*** Opening of DATASET RECORDS ***

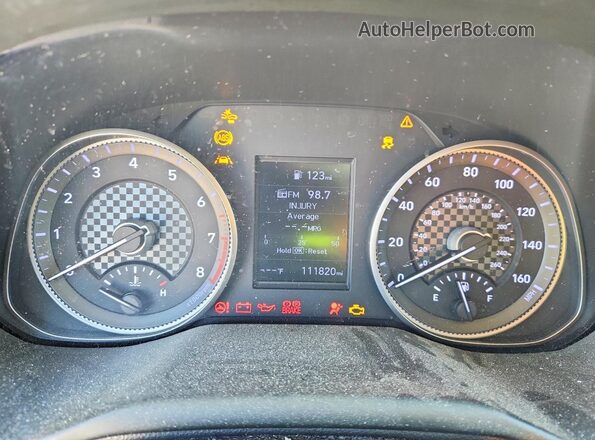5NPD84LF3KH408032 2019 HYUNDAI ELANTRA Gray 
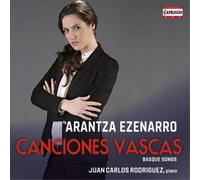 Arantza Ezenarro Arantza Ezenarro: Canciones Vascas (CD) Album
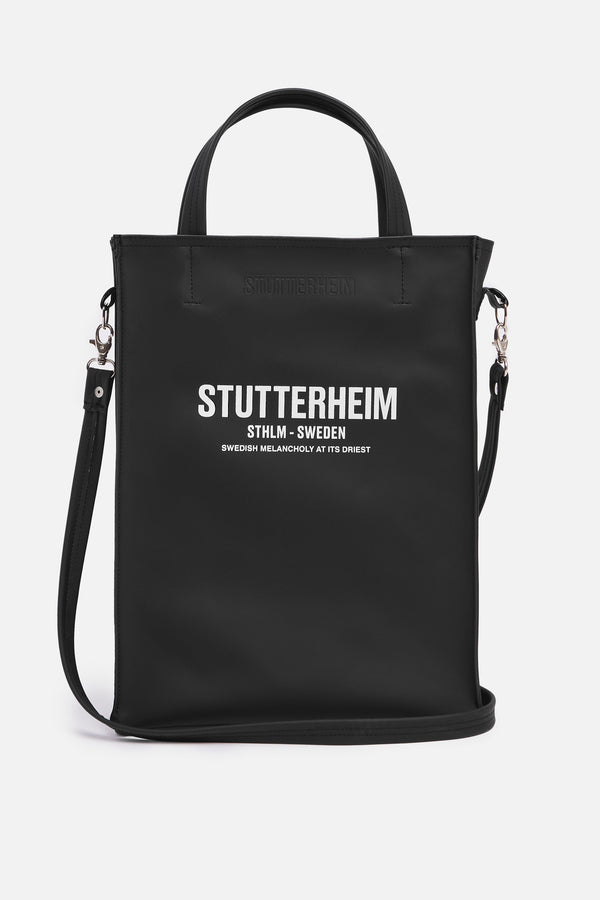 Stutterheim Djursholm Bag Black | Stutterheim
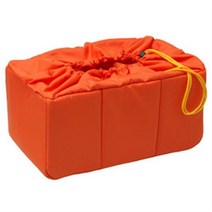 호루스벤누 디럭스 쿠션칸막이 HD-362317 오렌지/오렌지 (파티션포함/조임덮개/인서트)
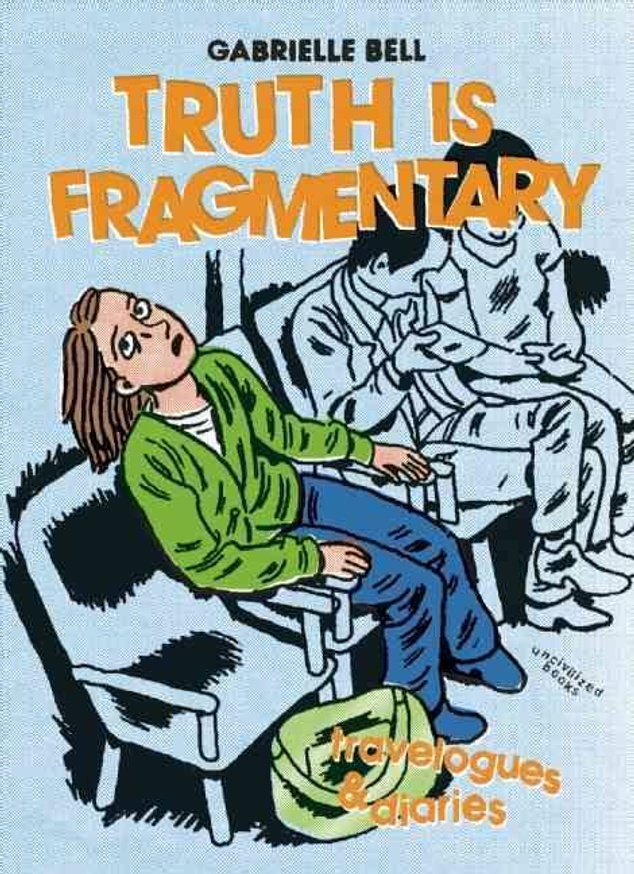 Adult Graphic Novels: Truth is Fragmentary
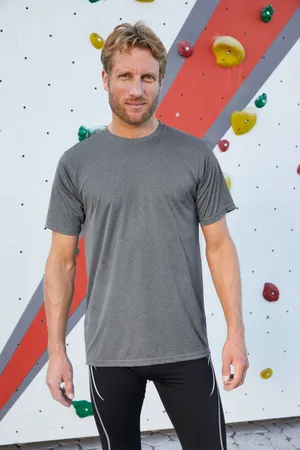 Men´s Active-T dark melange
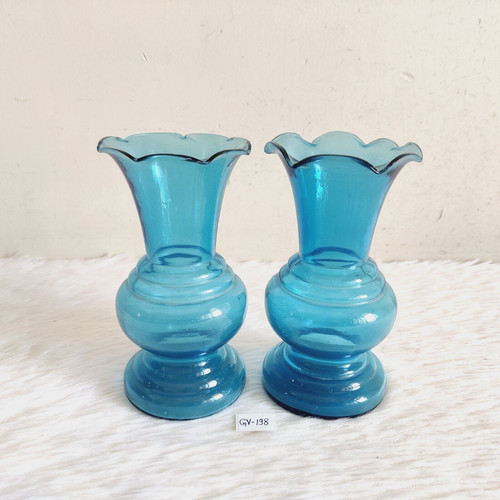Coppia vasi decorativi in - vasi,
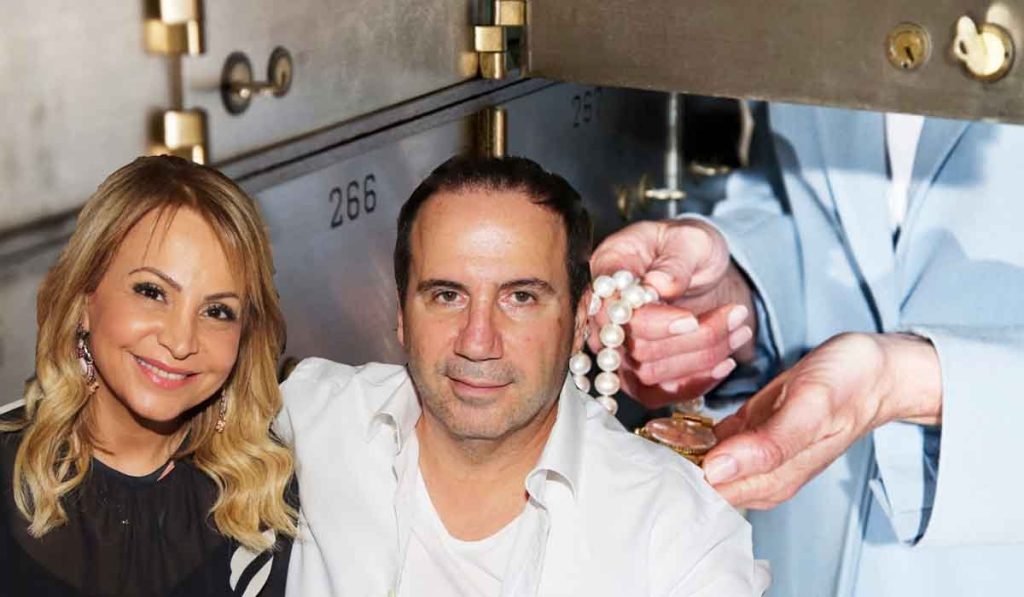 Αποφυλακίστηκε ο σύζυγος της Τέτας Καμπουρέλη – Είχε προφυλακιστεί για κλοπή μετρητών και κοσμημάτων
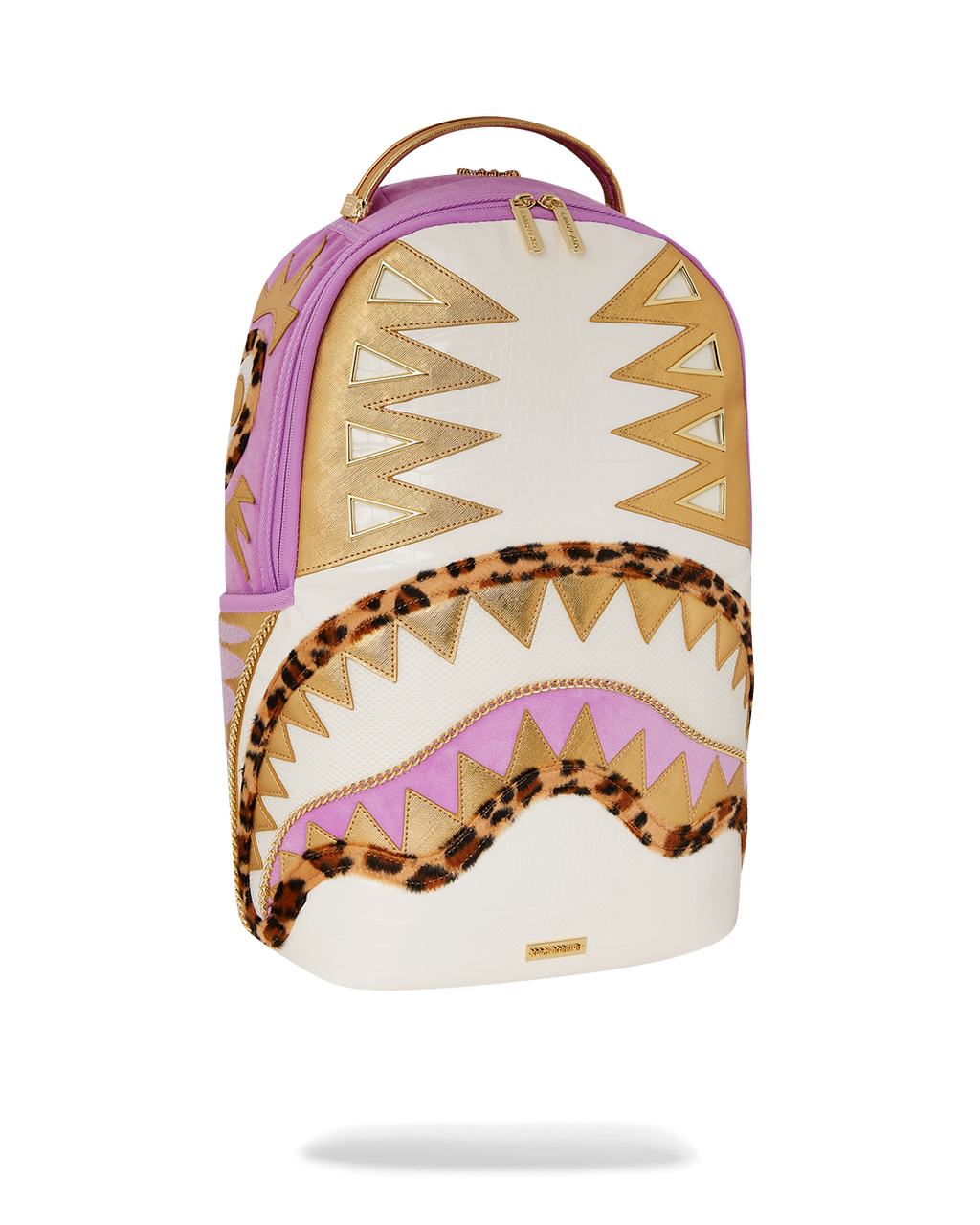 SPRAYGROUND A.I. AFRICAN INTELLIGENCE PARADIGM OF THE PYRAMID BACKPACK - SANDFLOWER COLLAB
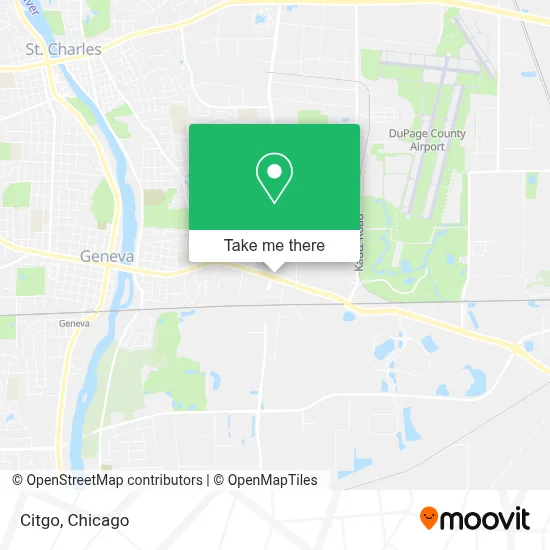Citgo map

*** Close of DATASET RECORDS ***

» **TASK DIRECTIONS**:
For the records above, output each one exactly and skip any image.

» **ANSWER TO THIS PROBLEM**:
5NPD84LF3KH408032 2019 HYUNDAI ELANTRA Gray 
 Arantza Ezenarro Arantza Ezenarro: Canciones Vascas (CD) Album
 Stutterheim Djursholm Bag Black | Stutterheim
 호루스벤누 디럭스 쿠션칸막이 HD-362317 오렌지/오렌지 (파티션포함/조임덮개/인서트)
 Adult Graphic Novels: Truth is Fragmentary
 Men´s Active-T dark melange
Coppia vasi decorativi in - vasi,
 Αποφυλακίστηκε ο σύζυγος της Τέτας Καμπουρέλη – Είχε προφυλακιστεί για κλοπή μετρητών και κοσμημάτων
 SPRAYGROUND A.I. AFRICAN INTELLIGENCE PARADIGM OF THE PYRAMID BACKPACK - SANDFLOWER COLLAB
Citgo map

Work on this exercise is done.